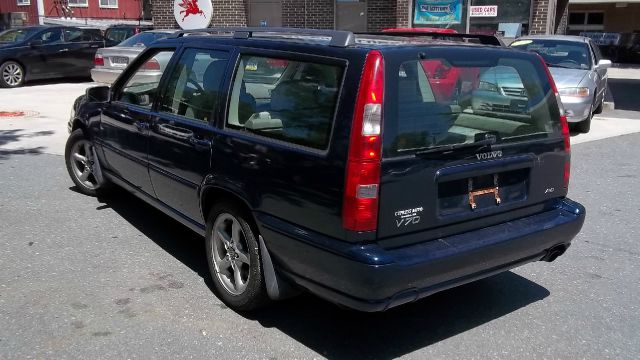 Volvo V70 1998 photo 2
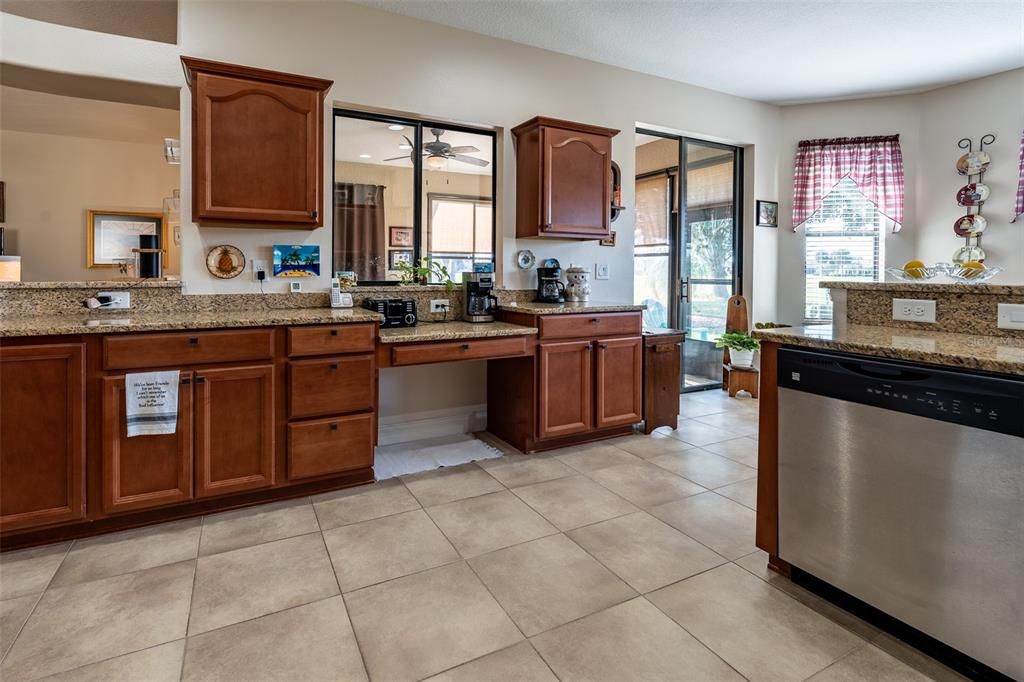 For Sale: $409,999 (3 beds, 2 baths, 2297 Square Feet)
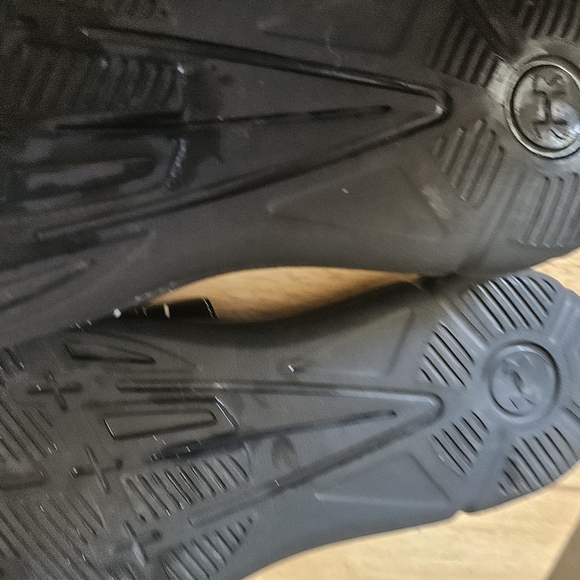 Under Armour Women's Slides. With 4-D Foam. Size 9. - Picture 5 of 8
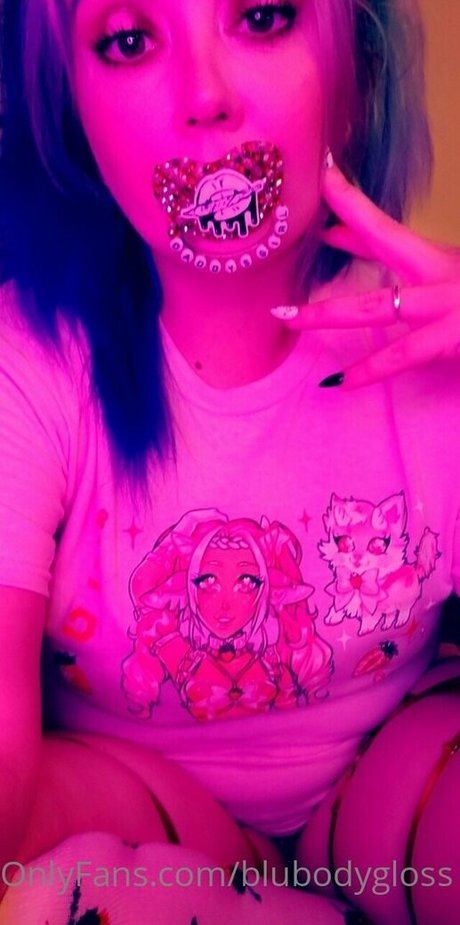 blubodygloss top model images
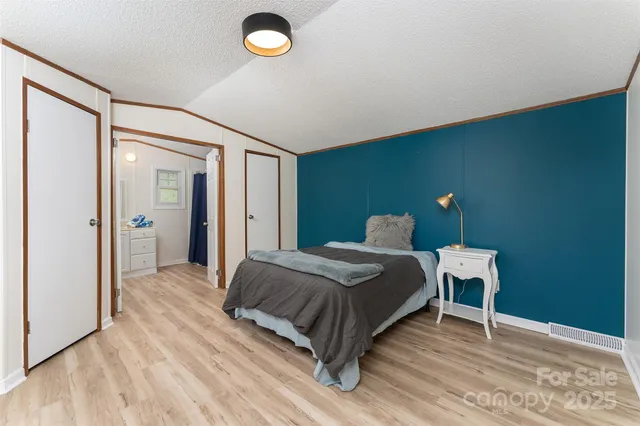 $199,000 | 843 Deep Gap Loop Road, Flat Rock, NC 28731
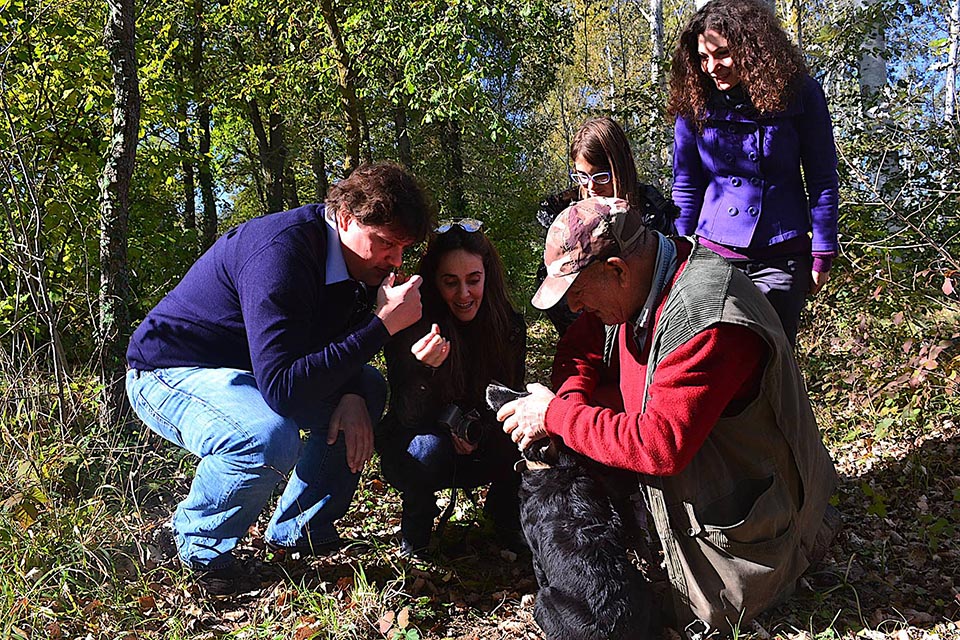 Truffle hunt with lunch at San Miniato - White Truffle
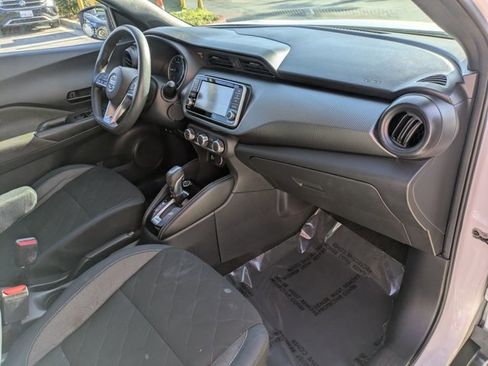 Used 2018 Nissan Kicks S image 21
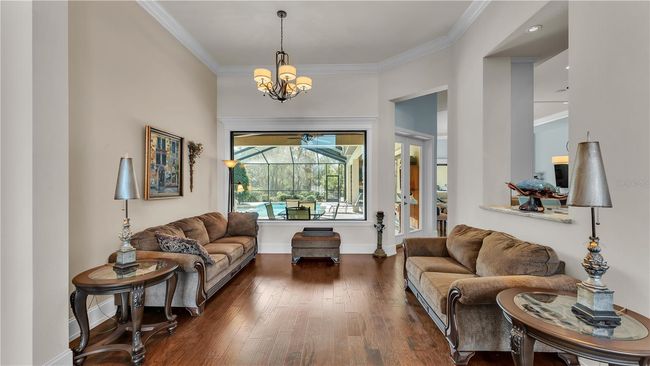 Living Room | Image 13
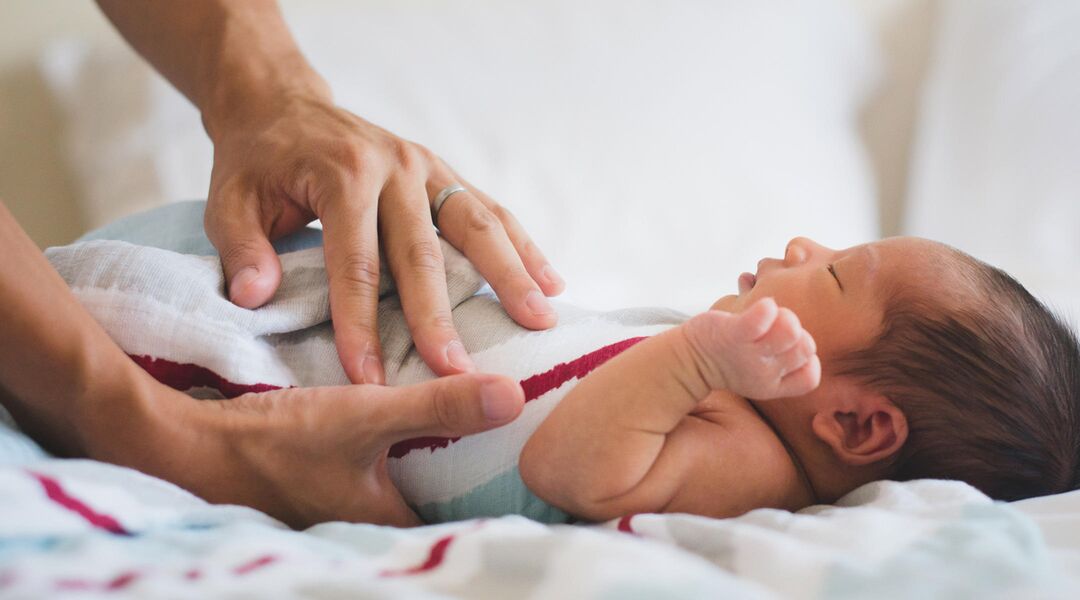 cord blood newborn baby father's hands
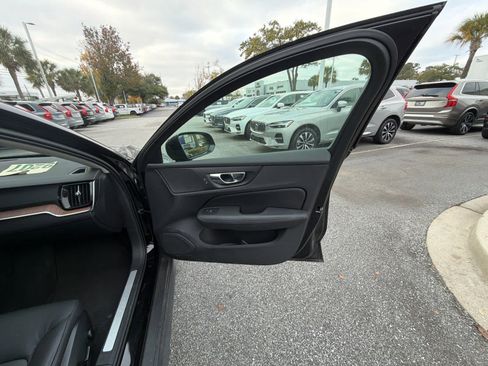 Certified 2025 Volvo V60 B5 Cross Country Plus image 20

┄┄┄┄┄┄

Prompt » I need the lines from the one containing "blubodygloss top model images" through the end of the records retyped exactly, with the pictures left out.

Answer to the problem »
 blubodygloss top model images
 $199,000 | 843 Deep Gap Loop Road, Flat Rock, NC 28731
 Truffle hunt with lunch at San Miniato - White Truffle
 Used 2018 Nissan Kicks S image 21
 Living Room | Image 13
 cord blood newborn baby father's hands
 Certified 2025 Volvo V60 B5 Cross Country Plus image 20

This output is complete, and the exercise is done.